(Records shown)
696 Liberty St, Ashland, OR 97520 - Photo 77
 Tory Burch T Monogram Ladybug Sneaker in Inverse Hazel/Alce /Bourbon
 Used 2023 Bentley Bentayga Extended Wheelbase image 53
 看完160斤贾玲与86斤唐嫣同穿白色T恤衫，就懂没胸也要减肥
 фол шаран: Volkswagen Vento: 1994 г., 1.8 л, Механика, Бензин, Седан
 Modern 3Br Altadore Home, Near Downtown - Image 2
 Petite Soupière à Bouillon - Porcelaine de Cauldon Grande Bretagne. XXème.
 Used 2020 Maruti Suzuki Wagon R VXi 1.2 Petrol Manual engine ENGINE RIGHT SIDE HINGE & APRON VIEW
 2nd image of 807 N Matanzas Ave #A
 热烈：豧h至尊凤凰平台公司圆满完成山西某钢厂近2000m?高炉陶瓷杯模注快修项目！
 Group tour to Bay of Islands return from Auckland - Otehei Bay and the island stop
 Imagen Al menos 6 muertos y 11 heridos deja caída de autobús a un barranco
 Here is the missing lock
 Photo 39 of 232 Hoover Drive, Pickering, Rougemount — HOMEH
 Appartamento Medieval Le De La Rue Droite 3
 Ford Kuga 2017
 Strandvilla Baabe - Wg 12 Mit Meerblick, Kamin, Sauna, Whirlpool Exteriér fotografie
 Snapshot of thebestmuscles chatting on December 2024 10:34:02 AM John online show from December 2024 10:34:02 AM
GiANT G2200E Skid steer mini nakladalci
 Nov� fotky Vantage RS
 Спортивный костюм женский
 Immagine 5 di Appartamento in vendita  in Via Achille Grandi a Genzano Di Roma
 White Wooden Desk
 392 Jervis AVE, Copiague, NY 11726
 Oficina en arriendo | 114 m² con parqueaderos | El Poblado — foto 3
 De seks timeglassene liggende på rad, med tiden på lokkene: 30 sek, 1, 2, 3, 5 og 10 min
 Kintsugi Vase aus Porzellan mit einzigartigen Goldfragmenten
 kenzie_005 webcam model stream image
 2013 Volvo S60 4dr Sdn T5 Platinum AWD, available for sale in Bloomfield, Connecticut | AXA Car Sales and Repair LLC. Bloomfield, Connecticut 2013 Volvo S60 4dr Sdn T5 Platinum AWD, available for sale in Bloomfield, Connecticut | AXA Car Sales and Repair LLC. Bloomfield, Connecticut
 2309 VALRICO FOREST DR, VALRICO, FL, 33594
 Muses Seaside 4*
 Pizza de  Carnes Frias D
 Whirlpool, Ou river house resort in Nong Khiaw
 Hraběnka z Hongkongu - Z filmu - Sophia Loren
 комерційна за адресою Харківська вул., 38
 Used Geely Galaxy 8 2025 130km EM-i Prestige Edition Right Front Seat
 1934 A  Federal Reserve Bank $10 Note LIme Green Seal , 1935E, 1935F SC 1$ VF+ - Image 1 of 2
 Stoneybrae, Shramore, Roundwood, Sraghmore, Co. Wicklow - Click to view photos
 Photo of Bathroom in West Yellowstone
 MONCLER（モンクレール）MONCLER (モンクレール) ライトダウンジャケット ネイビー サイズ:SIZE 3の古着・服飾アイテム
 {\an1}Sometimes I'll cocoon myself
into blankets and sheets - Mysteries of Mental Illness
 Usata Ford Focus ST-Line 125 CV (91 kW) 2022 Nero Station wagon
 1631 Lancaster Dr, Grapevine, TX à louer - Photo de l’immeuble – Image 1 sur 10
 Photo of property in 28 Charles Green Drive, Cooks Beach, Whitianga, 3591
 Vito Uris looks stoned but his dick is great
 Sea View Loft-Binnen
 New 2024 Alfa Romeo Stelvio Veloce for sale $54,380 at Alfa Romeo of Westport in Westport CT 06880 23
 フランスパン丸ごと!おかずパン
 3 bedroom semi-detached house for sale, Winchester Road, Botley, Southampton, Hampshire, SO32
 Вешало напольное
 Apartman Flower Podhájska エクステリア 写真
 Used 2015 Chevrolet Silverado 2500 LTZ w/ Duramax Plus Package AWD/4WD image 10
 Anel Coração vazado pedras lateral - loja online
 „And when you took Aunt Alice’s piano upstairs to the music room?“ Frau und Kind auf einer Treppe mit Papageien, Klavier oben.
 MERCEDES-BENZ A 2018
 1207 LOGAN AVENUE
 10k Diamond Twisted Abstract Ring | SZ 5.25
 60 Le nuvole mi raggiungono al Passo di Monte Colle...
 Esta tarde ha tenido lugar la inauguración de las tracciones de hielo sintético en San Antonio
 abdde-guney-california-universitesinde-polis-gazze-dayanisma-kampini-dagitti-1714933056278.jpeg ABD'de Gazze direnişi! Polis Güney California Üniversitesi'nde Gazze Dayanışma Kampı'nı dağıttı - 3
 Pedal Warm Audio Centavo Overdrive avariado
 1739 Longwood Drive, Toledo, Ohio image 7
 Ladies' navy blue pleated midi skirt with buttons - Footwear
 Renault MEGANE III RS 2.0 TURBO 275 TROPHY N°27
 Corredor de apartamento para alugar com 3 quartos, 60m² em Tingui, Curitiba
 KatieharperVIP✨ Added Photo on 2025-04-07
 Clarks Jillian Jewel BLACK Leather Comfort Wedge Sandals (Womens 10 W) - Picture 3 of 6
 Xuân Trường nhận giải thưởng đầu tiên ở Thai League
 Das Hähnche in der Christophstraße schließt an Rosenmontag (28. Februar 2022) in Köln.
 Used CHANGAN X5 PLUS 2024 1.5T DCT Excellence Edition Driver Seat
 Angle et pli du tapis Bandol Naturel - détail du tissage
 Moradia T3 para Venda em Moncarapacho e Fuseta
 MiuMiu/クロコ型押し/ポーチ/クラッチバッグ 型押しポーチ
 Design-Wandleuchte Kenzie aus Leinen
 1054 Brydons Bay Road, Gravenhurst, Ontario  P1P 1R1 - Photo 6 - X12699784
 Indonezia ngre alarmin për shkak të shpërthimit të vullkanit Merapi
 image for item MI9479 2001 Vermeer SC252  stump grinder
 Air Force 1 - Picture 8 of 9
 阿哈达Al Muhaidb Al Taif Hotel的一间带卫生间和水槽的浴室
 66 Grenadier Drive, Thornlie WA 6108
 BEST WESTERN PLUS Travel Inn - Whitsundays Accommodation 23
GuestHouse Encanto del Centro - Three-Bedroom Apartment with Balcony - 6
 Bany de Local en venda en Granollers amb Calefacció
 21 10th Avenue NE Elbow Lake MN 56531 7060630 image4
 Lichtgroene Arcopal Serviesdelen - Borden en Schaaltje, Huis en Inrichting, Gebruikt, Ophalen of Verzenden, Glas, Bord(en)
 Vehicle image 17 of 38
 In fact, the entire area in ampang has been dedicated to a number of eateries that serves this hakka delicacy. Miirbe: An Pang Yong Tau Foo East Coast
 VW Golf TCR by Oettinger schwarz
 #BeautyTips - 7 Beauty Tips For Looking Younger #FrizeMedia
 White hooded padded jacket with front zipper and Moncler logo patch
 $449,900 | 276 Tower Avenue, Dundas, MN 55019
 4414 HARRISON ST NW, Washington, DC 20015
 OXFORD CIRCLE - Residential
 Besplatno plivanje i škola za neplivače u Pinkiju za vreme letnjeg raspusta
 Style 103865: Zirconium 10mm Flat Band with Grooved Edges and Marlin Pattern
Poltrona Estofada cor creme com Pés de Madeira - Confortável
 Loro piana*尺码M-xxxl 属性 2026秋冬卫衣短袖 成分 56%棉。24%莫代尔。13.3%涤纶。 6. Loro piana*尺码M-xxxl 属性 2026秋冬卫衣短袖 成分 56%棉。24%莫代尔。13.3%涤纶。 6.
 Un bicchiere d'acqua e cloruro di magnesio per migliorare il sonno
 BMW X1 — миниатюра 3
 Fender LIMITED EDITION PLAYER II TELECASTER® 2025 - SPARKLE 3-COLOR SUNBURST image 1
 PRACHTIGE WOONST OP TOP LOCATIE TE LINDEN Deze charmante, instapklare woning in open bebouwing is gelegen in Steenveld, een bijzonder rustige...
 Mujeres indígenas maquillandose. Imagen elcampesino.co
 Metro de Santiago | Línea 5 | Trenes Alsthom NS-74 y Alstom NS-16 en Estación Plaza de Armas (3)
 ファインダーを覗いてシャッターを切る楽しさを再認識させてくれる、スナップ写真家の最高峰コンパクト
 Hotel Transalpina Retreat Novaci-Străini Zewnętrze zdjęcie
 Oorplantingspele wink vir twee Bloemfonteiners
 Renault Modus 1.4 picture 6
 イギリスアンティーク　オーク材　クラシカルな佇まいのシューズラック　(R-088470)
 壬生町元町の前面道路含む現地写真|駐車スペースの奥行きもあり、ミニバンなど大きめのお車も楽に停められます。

(What is required)
Give back exactly the lines above, from the line containing "Group tour to" through the line containing "Snapshot of thebestmuscles", with both end lines and nothing more.

(Output of the exercise)
 Group tour to Bay of Islands return from Auckland - Otehei Bay and the island stop
 Imagen Al menos 6 muertos y 11 heridos deja caída de autobús a un barranco
 Here is the missing lock
 Photo 39 of 232 Hoover Drive, Pickering, Rougemount — HOMEH
 Appartamento Medieval Le De La Rue Droite 3
 Ford Kuga 2017
 Strandvilla Baabe - Wg 12 Mit Meerblick, Kamin, Sauna, Whirlpool Exteriér fotografie
 Snapshot of thebestmuscles chatting on December 2024 10:34:02 AM John online show from December 2024 10:34:02 AM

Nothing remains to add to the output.